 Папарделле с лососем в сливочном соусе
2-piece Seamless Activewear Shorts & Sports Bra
* * *
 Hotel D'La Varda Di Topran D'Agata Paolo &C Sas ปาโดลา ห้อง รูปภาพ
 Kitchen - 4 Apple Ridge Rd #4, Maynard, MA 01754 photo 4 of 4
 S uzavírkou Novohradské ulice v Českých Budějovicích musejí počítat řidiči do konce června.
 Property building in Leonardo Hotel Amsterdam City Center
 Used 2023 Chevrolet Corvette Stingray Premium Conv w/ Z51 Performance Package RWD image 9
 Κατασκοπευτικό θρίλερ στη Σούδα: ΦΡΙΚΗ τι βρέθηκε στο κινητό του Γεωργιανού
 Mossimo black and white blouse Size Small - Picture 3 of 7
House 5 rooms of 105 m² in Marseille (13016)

◆ Task prompt ◆
Could you reproduce exactly the lines of the entries above, from the one with "Mossimo black and" through the one with "House 5 rooms of 105 m² in Marseille (13016)", and nothing else?

◆ Solved exercise ◆
 Mossimo black and white blouse Size Small - Picture 3 of 7
House 5 rooms of 105 m² in Marseille (13016)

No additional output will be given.